#### [TASK INSTRUCTIONS]
Would you reproduce the whole listing exactly, minus its images?

═══ AVAILABLE DATA

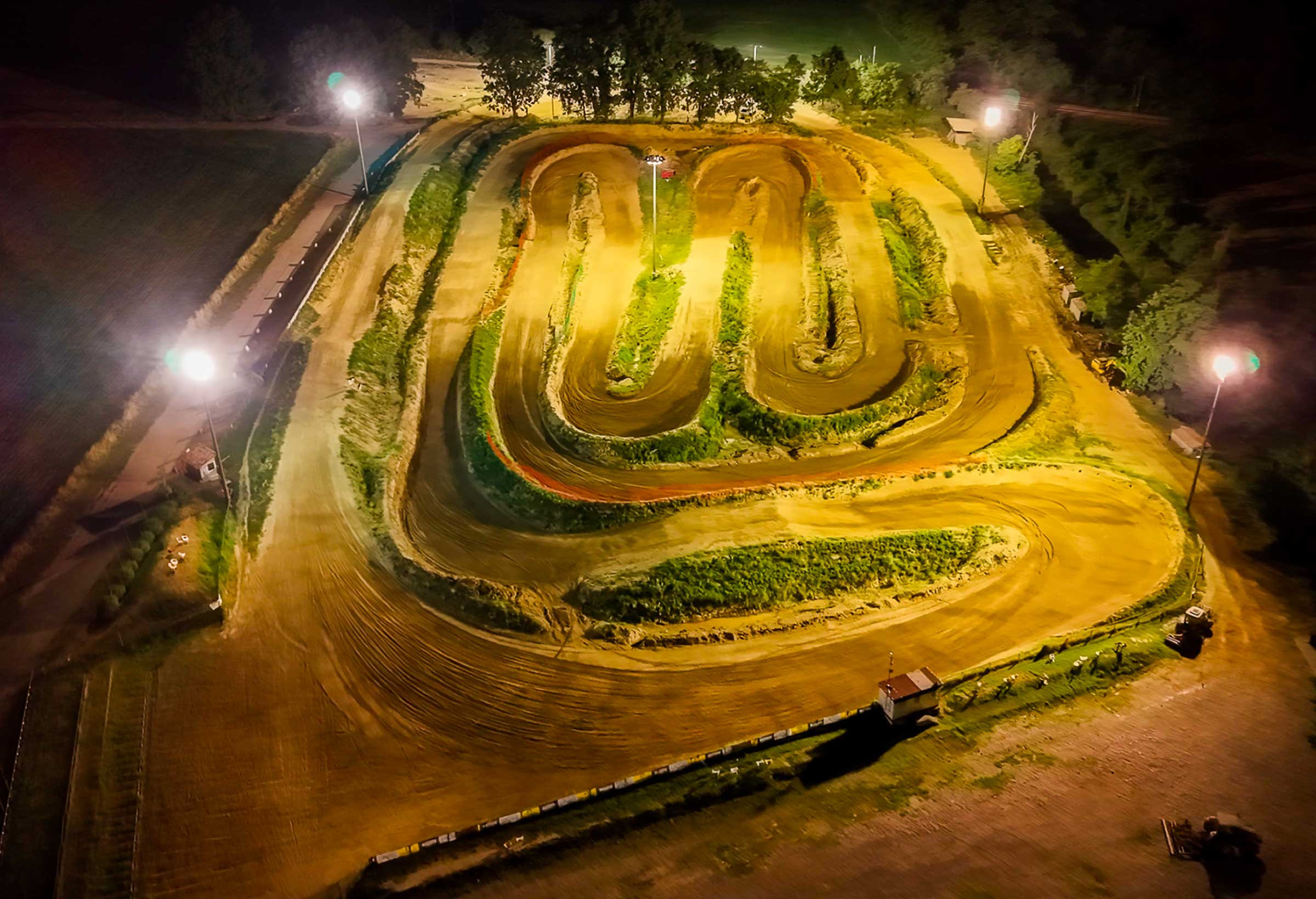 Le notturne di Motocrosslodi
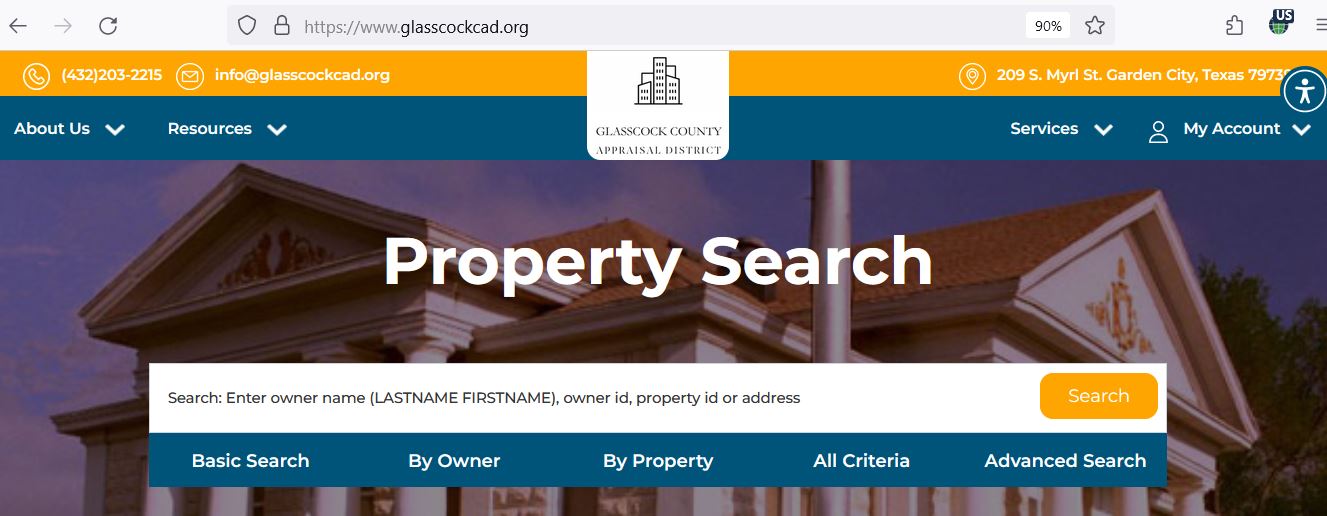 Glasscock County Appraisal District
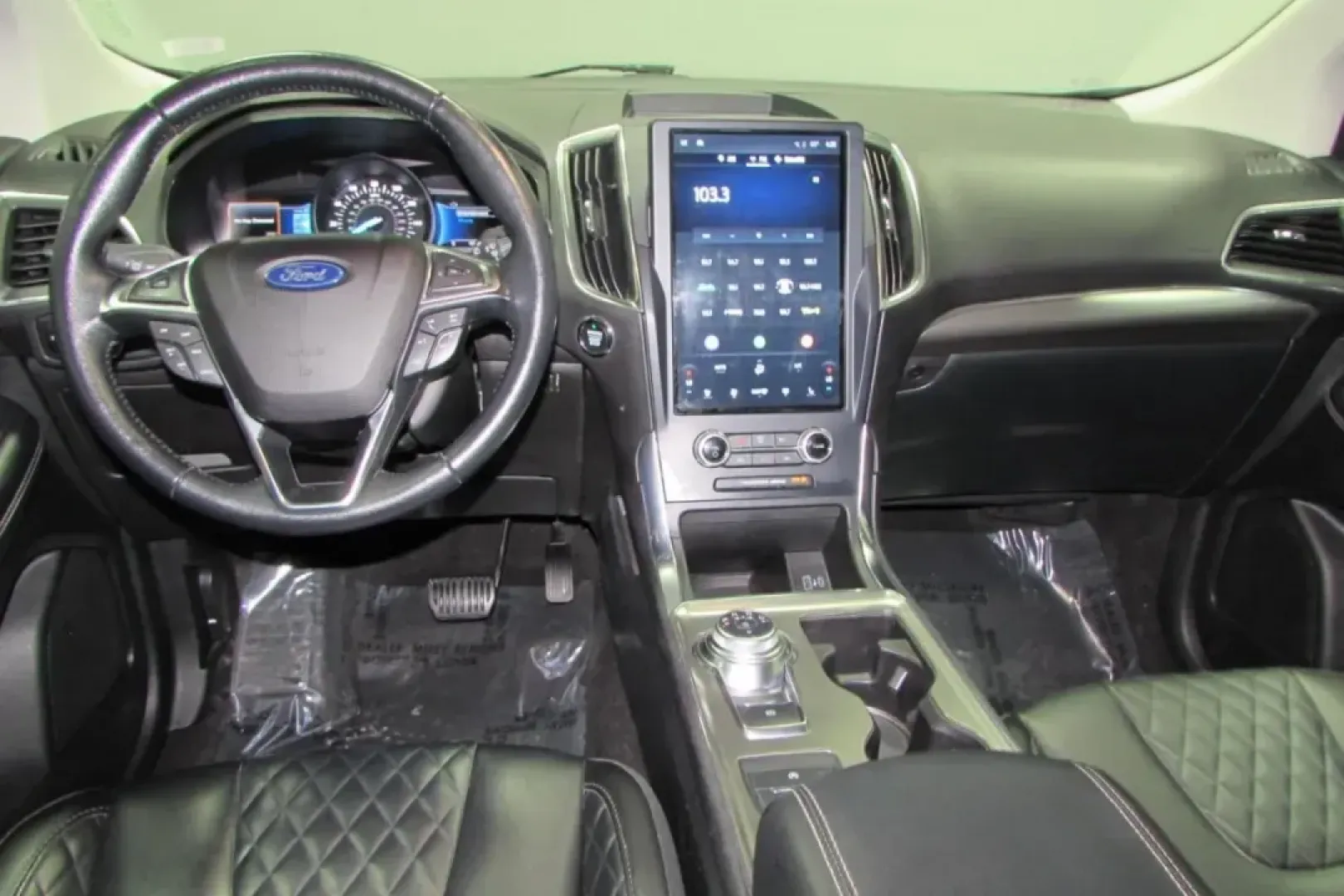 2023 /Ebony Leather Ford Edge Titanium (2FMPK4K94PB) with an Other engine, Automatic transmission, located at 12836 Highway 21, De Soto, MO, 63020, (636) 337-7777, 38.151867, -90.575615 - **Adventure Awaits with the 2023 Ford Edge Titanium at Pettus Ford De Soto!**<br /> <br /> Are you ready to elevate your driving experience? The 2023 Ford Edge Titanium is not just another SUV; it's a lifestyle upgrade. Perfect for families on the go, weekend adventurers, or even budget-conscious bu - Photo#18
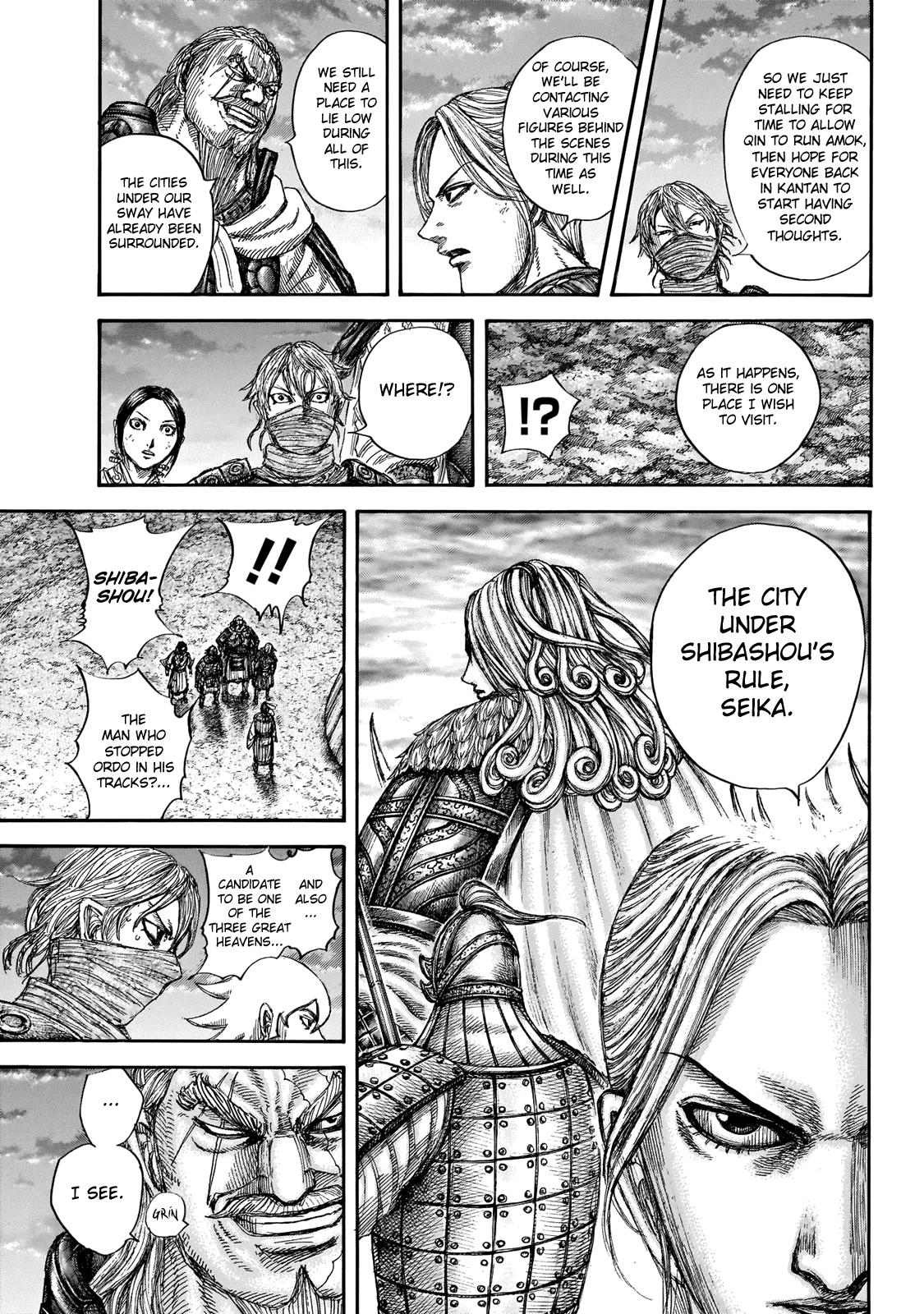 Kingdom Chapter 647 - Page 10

══════

#### [RESULT FOR THIS TASK]
 Le notturne di Motocrosslodi
 Glasscock County Appraisal District
 2023 /Ebony Leather Ford Edge Titanium (2FMPK4K94PB) with an Other engine, Automatic transmission, located at 12836 Highway 21, De Soto, MO, 63020, (636) 337-7777, 38.151867, -90.575615 - **Adventure Awaits with the 2023 Ford Edge Titanium at Pettus Ford De Soto!**<br /> <br /> Are you ready to elevate your driving experience? The 2023 Ford Edge Titanium is not just another SUV; it's a lifestyle upgrade. Perfect for families on the go, weekend adventurers, or even budget-conscious bu - Photo#18
 Kingdom Chapter 647 - Page 10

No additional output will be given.